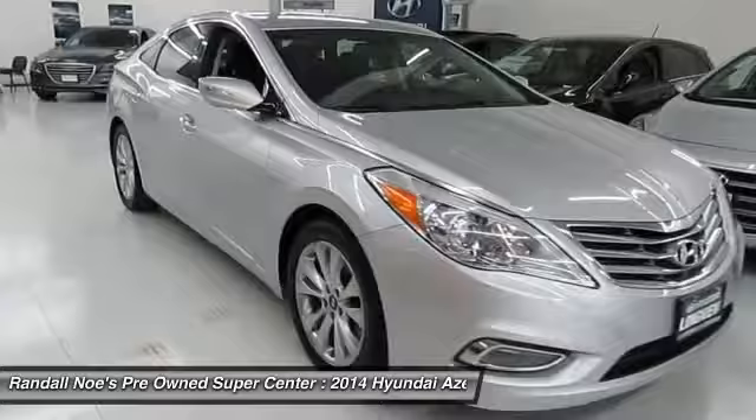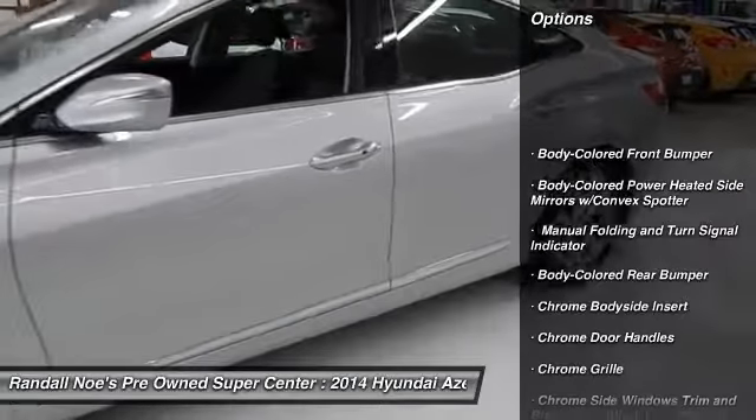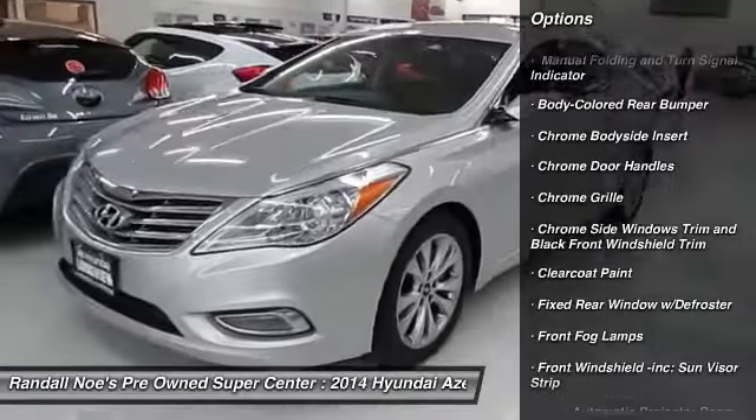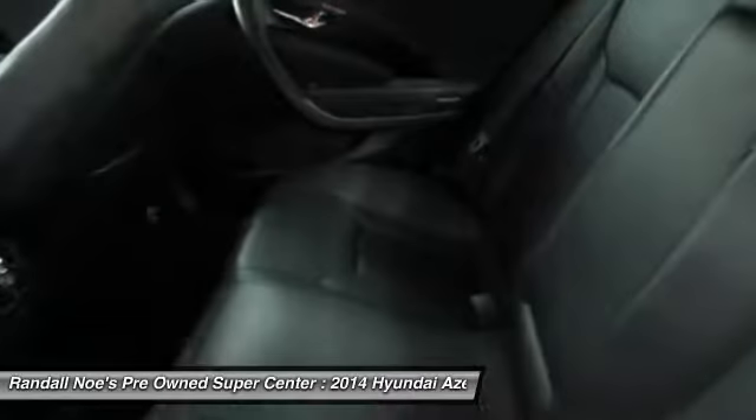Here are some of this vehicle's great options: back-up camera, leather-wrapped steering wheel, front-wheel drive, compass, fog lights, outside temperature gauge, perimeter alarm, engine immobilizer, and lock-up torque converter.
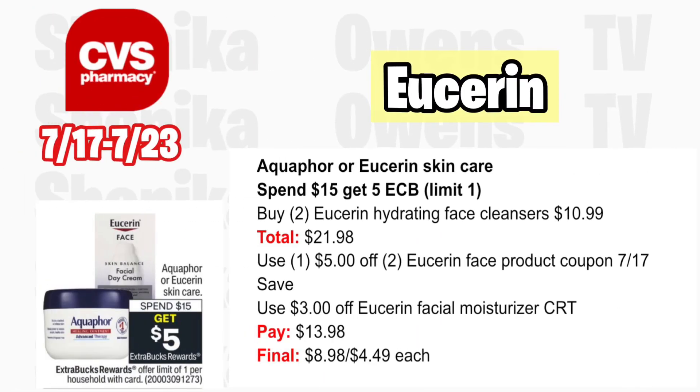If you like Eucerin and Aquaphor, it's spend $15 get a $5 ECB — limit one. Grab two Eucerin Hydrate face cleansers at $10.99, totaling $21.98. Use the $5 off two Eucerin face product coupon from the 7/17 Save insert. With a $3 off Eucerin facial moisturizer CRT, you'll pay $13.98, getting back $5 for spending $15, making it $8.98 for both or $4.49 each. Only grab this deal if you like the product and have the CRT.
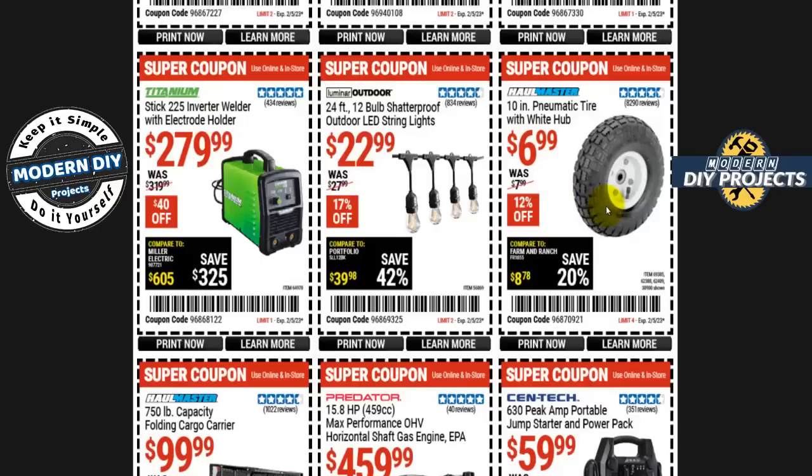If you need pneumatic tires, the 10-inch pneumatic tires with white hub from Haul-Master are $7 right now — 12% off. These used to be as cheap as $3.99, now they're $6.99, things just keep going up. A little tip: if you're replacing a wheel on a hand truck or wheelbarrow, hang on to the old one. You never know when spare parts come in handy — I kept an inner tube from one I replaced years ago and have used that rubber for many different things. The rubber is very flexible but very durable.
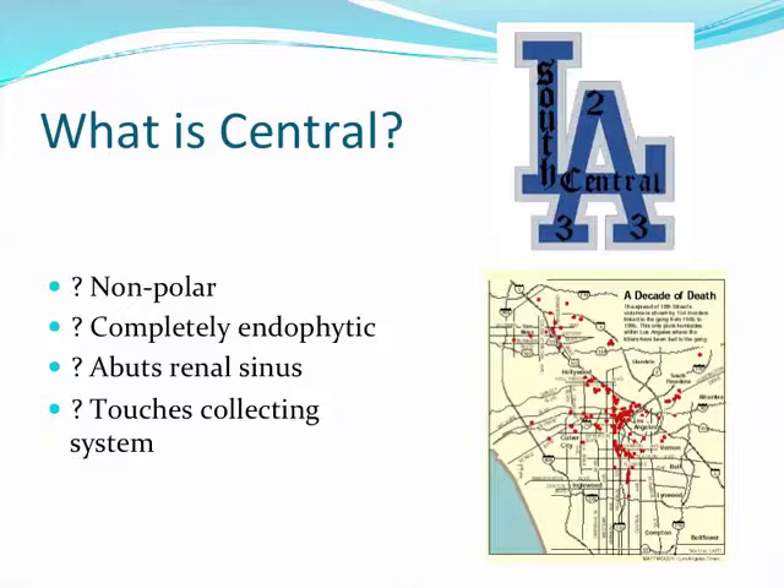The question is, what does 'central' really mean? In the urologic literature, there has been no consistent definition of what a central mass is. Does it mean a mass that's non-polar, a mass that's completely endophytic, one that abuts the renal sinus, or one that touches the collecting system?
○ ○ ○ ○ ○ ○ ○
What is needed is the data above, retyped exactly, with every picture left out.

RESPONSE:
Here are some of this vehicle's great options: back-up camera, leather-wrapped steering wheel, front-wheel drive, compass, fog lights, outside temperature gauge, perimeter alarm, engine immobilizer, and lock-up torque converter.
If you like Eucerin and Aquaphor, it's spend $15 get a $5 ECB — limit one. Grab two Eucerin Hydrate face cleansers at $10.99, totaling $21.98. Use the $5 off two Eucerin face product coupon from the 7/17 Save insert. With a $3 off Eucerin facial moisturizer CRT, you'll pay $13.98, getting back $5 for spending $15, making it $8.98 for both or $4.49 each. Only grab this deal if you like the product and have the CRT.
If you need pneumatic tires, the 10-inch pneumatic tires with white hub from Haul-Master are $7 right now — 12% off. These used to be as cheap as $3.99, now they're $6.99, things just keep going up. A little tip: if you're replacing a wheel on a hand truck or wheelbarrow, hang on to the old one. You never know when spare parts come in handy — I kept an inner tube from one I replaced years ago and have used that rubber for many different things. The rubber is very flexible but very durable.
The question is, what does 'central' really mean? In the urologic literature, there has been no consistent definition of what a central mass is. Does it mean a mass that's non-polar, a mass that's completely endophytic, one that abuts the renal sinus, or one that touches the collecting system?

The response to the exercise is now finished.